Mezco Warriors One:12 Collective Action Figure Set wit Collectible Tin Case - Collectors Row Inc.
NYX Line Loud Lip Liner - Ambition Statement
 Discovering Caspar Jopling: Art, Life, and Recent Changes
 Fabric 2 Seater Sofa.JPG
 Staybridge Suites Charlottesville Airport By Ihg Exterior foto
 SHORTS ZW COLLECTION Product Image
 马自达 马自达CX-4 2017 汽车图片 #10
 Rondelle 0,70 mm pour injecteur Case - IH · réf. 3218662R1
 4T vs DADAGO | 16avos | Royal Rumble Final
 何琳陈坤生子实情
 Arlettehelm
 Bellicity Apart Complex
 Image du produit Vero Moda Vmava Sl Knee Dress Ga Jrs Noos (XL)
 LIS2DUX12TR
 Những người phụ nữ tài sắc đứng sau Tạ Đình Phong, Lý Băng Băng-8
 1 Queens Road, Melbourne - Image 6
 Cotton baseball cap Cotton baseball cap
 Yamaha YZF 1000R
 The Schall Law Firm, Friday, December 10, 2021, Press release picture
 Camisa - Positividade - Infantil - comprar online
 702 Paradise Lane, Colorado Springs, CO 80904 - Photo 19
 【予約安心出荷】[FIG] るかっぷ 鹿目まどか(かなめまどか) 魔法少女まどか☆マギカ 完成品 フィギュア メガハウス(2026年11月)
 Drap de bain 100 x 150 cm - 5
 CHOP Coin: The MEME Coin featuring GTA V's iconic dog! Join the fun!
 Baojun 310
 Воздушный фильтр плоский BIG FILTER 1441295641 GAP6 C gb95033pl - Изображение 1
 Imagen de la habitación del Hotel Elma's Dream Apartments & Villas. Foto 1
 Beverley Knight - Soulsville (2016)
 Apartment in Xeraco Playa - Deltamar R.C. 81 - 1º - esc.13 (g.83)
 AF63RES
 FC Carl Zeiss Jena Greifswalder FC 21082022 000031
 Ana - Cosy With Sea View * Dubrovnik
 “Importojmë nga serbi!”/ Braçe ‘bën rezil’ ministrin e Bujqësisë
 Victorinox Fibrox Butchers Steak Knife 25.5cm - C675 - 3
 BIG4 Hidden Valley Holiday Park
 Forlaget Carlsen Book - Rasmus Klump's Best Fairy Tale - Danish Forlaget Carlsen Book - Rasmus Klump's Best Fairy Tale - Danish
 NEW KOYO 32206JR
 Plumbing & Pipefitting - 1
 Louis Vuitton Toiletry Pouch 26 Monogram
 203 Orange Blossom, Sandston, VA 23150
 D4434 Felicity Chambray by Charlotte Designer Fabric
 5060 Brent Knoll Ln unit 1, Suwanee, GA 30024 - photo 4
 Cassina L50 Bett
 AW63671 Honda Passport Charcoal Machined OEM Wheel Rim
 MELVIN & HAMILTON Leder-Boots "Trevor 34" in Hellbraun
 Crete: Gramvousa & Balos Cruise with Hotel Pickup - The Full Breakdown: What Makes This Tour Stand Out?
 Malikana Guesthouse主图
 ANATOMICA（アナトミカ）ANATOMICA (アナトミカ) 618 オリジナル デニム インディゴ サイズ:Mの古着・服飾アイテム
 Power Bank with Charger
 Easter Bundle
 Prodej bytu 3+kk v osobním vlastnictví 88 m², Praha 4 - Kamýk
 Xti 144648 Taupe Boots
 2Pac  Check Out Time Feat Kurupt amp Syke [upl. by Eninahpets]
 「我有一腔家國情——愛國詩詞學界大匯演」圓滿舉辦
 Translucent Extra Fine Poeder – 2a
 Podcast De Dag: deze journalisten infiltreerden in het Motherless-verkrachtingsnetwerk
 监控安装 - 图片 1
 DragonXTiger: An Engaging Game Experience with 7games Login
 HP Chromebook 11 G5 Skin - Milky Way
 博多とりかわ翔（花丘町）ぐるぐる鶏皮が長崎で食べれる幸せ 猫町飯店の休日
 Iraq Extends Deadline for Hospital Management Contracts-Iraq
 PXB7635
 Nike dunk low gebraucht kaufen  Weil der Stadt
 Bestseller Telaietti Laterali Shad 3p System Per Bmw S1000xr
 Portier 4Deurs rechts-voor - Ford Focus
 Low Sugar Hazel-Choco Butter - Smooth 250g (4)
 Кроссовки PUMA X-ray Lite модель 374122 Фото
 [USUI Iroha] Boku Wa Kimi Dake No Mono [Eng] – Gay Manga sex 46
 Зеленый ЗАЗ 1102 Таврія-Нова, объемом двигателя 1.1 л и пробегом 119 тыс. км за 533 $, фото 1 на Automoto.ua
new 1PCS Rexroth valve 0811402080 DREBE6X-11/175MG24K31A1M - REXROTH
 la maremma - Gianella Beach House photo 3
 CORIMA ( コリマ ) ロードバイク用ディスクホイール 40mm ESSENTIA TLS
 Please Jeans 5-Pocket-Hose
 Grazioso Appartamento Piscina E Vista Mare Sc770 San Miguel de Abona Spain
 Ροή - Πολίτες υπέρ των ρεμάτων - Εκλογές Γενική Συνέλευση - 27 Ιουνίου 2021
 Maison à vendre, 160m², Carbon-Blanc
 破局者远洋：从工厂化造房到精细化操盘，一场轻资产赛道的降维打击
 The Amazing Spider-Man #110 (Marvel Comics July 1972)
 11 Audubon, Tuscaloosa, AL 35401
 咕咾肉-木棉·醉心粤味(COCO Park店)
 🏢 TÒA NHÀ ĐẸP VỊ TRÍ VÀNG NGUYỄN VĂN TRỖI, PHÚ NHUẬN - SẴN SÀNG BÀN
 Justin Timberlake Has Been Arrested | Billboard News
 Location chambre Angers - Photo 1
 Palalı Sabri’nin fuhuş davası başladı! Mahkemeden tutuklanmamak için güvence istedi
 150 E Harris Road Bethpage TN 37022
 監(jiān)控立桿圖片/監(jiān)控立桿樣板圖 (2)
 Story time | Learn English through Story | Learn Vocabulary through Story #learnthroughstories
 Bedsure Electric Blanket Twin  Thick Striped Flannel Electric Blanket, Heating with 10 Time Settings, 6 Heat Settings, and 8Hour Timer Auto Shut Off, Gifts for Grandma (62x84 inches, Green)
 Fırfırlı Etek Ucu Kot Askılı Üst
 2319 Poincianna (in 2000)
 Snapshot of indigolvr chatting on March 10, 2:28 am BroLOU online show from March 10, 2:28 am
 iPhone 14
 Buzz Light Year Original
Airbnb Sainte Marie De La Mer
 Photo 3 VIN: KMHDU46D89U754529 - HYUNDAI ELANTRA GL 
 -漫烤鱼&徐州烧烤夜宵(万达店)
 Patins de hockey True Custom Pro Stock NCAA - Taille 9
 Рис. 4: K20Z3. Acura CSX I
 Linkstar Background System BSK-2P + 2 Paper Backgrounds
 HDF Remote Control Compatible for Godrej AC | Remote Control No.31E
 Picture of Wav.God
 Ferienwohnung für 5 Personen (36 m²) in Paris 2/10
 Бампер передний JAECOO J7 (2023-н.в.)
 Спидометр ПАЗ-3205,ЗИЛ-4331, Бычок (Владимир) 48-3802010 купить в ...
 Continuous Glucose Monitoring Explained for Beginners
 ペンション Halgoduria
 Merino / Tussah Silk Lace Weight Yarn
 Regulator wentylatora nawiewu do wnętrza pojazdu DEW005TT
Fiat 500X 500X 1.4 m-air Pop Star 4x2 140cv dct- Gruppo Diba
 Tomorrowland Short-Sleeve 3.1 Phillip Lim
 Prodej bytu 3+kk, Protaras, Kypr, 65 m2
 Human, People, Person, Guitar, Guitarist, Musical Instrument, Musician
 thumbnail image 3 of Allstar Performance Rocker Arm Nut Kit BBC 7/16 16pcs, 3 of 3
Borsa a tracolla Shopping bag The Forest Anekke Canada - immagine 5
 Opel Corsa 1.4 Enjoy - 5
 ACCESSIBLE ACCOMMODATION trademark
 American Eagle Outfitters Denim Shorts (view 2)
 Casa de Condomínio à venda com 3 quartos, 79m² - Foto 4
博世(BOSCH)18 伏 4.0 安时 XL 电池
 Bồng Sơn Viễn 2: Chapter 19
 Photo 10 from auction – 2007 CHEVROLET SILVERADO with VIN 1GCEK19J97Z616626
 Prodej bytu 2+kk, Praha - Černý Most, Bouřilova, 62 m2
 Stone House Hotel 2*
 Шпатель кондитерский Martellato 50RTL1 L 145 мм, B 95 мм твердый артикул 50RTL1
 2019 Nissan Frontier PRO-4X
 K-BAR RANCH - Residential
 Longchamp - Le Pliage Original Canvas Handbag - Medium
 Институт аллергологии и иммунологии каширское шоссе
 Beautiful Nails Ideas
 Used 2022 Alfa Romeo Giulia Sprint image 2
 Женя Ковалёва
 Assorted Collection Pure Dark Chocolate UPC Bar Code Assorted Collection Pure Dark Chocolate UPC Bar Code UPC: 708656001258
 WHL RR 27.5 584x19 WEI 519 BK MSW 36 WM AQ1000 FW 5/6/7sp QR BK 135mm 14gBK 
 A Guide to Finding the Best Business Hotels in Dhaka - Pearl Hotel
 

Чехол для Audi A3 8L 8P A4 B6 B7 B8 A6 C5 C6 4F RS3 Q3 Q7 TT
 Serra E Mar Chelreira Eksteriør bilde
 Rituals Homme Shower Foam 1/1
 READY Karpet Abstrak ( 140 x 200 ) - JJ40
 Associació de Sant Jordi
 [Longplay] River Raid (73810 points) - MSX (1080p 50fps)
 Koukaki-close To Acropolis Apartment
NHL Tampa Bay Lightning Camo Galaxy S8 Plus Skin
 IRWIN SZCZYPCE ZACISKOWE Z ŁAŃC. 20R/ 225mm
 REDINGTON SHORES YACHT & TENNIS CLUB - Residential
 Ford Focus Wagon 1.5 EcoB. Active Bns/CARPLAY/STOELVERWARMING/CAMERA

#####

**ASSIGNED TASK:**
Starting with the line that holds "Image du produit" and ending with the line that holds "[upl. by Eninahpets]", retype every line in the data above exactly, and nothing else.

**EXERCISE SOLUTION:**
 Image du produit Vero Moda Vmava Sl Knee Dress Ga Jrs Noos (XL)
 LIS2DUX12TR
 Những người phụ nữ tài sắc đứng sau Tạ Đình Phong, Lý Băng Băng-8
 1 Queens Road, Melbourne - Image 6
 Cotton baseball cap Cotton baseball cap
 Yamaha YZF 1000R
 The Schall Law Firm, Friday, December 10, 2021, Press release picture
 Camisa - Positividade - Infantil - comprar online
 702 Paradise Lane, Colorado Springs, CO 80904 - Photo 19
 【予約安心出荷】[FIG] るかっぷ 鹿目まどか(かなめまどか) 魔法少女まどか☆マギカ 完成品 フィギュア メガハウス(2026年11月)
 Drap de bain 100 x 150 cm - 5
 CHOP Coin: The MEME Coin featuring GTA V's iconic dog! Join the fun!
 Baojun 310
 Воздушный фильтр плоский BIG FILTER 1441295641 GAP6 C gb95033pl - Изображение 1
 Imagen de la habitación del Hotel Elma's Dream Apartments & Villas. Foto 1
 Beverley Knight - Soulsville (2016)
 Apartment in Xeraco Playa - Deltamar R.C. 81 - 1º - esc.13 (g.83)
 AF63RES
 FC Carl Zeiss Jena Greifswalder FC 21082022 000031
 Ana - Cosy With Sea View * Dubrovnik
 “Importojmë nga serbi!”/ Braçe ‘bën rezil’ ministrin e Bujqësisë
 Victorinox Fibrox Butchers Steak Knife 25.5cm - C675 - 3
 BIG4 Hidden Valley Holiday Park
 Forlaget Carlsen Book - Rasmus Klump's Best Fairy Tale - Danish Forlaget Carlsen Book - Rasmus Klump's Best Fairy Tale - Danish
 NEW KOYO 32206JR
 Plumbing & Pipefitting - 1
 Louis Vuitton Toiletry Pouch 26 Monogram
 203 Orange Blossom, Sandston, VA 23150
 D4434 Felicity Chambray by Charlotte Designer Fabric
 5060 Brent Knoll Ln unit 1, Suwanee, GA 30024 - photo 4
 Cassina L50 Bett
 AW63671 Honda Passport Charcoal Machined OEM Wheel Rim
 MELVIN & HAMILTON Leder-Boots "Trevor 34" in Hellbraun
 Crete: Gramvousa & Balos Cruise with Hotel Pickup - The Full Breakdown: What Makes This Tour Stand Out?
 Malikana Guesthouse主图
 ANATOMICA（アナトミカ）ANATOMICA (アナトミカ) 618 オリジナル デニム インディゴ サイズ:Mの古着・服飾アイテム
 Power Bank with Charger
 Easter Bundle
 Prodej bytu 3+kk v osobním vlastnictví 88 m², Praha 4 - Kamýk
 Xti 144648 Taupe Boots
 2Pac  Check Out Time Feat Kurupt amp Syke [upl. by Eninahpets]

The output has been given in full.